Unlocking the insights with Sankey Diagram in Tableau

Sayali Phutane
6 min readFeb 21, 2024

--

Sankey diagrams are a powerful tool for understanding the flow and relationship within datasets. With tableau, we can harness the full potential of Sankey diagrams to uncover valuable insights and tell compelling data stories. Here is a brief tutorial about creating a Sankey diagram in tableau.

What is Sankey diagram?

Sankey diagram is a type of diagram that visualizes flow of data. The entity from/to where data flows is referred to as a node — the node where the flow originates is the source node (e.g. West on the left-hand side) and where the flow ends is the target node (e.g. Home Office on the right-hand side). The source and target nodes are often represented as rectangles / circles. The flow itself is represented by a curved path called the link. The width of the flow/link is proportional to the amount/quantity of flow. These diagrams are particularly effective for illustrating distribution of material, cost or energy flow.

History

Sankey diagrams are named after Irish captain Matthew Henry Phineas Riall Sankey, who used this diagram in 1889 in a classic figure showing the energy efficiency of a steam engine. One of the most famous Sankey Diagrams is Charles Minards’s Map of Napolean’s Russian campaign of 1812. Sankey diagrams are often used in field of physics to represent energy inputs, useful outputs, and wasted outputs.

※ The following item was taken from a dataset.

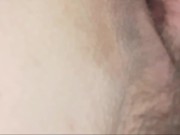 Pov closeup of giant clit being caress on the head by my husband's balls. 10/16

By M. H. Sankey — Minutes of Proceedings of The Institution of Civil Engineers. Vol. CXXXIV, Session 1897–98. Part IV, Public Domain, https://commons.wikimedia.org/w/index.php?curid=2734254

Creating a Sankey Diagram in Tableau.

The dataset used for creating this Sankey diagram is the famous Sample Superstore dataset. The Sankey Diagram here shows sales for each segment and region. Left side nodes of the diagram pertain to the “Region” field and right side nodes show “Segment” field. To start with the chart, in tableau, open the superstore excel file. Then drag the “Orders’’ table to the right side space as shown below.

Figure 1 : Open Dataset
  1. Create union of Orders Table with itself. This is required because we need one copy of data to populate “Region” nodes on the left side and another copy to populate “Segment” nodes on the right side of the chart.
  2. Next we have to create a few calculated fields for creating this visualization. We will use data densification or padding. Create a calculated field to_Pad as follows
Figure 2: Calculated Field to_Pad

Here we are creating value 1 for the first copy of the Orders table and value 49 for second copy of the Orders table. We will populate “Region” nodes from first copy and “Segment” nodes from second copy. The number 49 is chosen arbitrarily to draw the curves of the chart smoothly.

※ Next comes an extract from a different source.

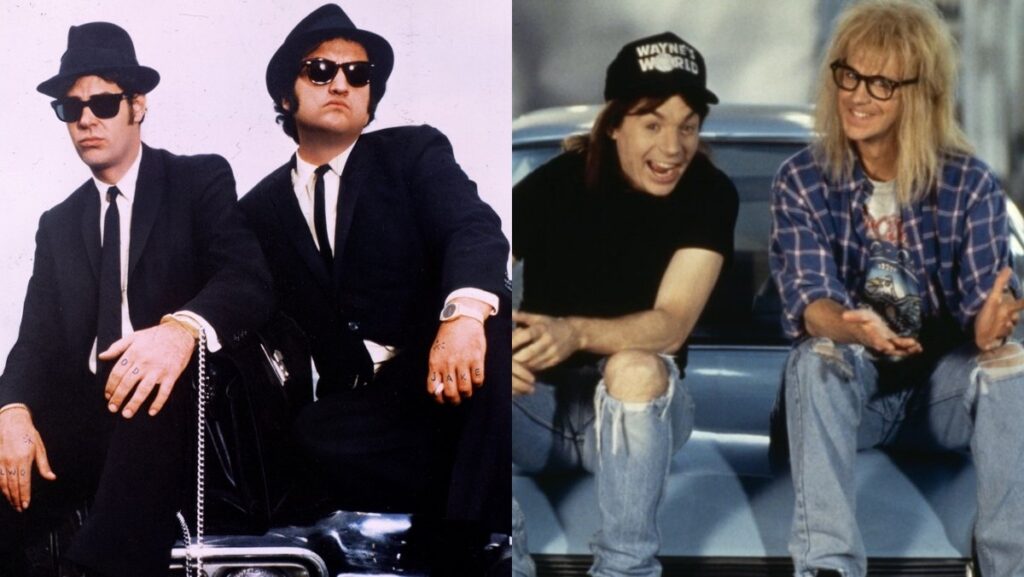 split images from wayne's world and blues brothers saturday night live movies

3. Next we create a bin for “to_Pad” calculated field as shown below

Figure 3 : Bin for to_Pad

4. Create a calculated field “Index” as follows. This calculation will act as an offset that will evenly space all of the marks across the view.

Figure 4 : Calculated Field Index

5. Next step we create 2 calculated fields “Rank 1” and “Rank 2” as follows. These fields will calculate percent of “Sales” across the entire data set. Each of these fields will be used for Sales flow between nodes at either end of the chart.

Figure 5 : Calculated Field Rank 1
Figure 6: Calculated Field Rank 2

6. Next step is to use a “Sigmoid function”, to help draw the curves between the nodes. Sigmoid function is a mathematical function that generates S-shaped curves. The calculated field “Sigmoid”, in tableau, will be as follows

Figure 7 : Calculated Field Sigmoid

7. The calculated field ”Curve” will be used to actually generate the curves for our visualization.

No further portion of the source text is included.